> [Task directions]: Drop every picture. Return the rest of the entries exactly.

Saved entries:

☆ ☆ ☆ ☆ ☆ ☆ ☆

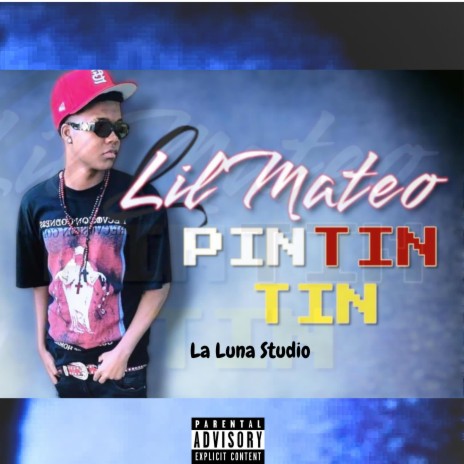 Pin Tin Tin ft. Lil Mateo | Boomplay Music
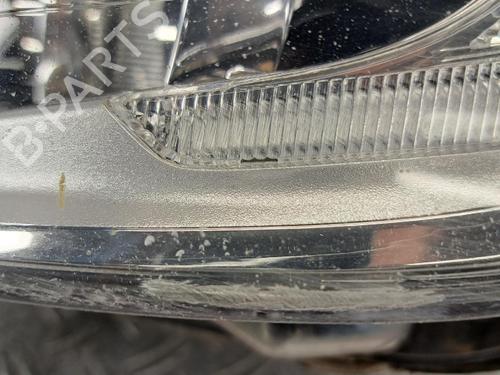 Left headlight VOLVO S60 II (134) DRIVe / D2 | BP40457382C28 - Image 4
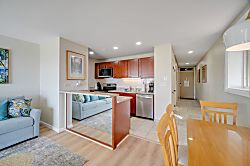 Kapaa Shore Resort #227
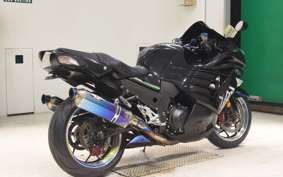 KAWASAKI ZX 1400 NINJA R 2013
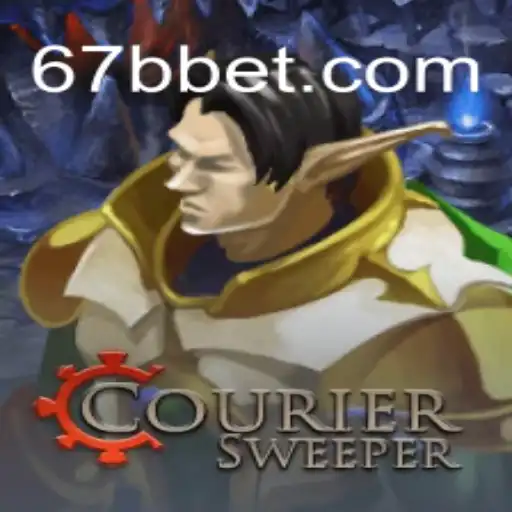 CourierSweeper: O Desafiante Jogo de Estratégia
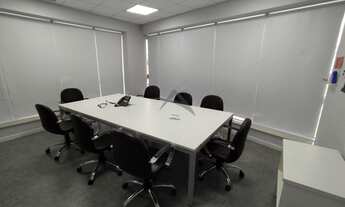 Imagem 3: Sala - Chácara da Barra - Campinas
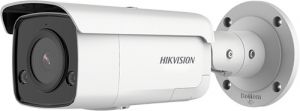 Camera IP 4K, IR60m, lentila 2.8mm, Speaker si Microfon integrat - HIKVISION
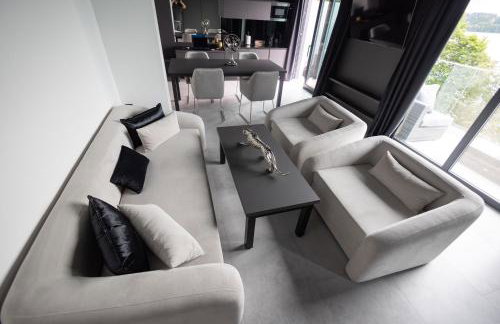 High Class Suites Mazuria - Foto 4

☆ ☆ ☆ ☆ ☆ ☆ ☆

> [Answer space]:
 Pin Tin Tin ft. Lil Mateo | Boomplay Music
 Left headlight VOLVO S60 II (134) DRIVe / D2 | BP40457382C28 - Image 4
 Kapaa Shore Resort #227
 KAWASAKI ZX 1400 NINJA R 2013
 CourierSweeper: O Desafiante Jogo de Estratégia
 Imagem 3: Sala - Chácara da Barra - Campinas
 Camera IP 4K, IR60m, lentila 2.8mm, Speaker si Microfon integrat - HIKVISION
 High Class Suites Mazuria - Foto 4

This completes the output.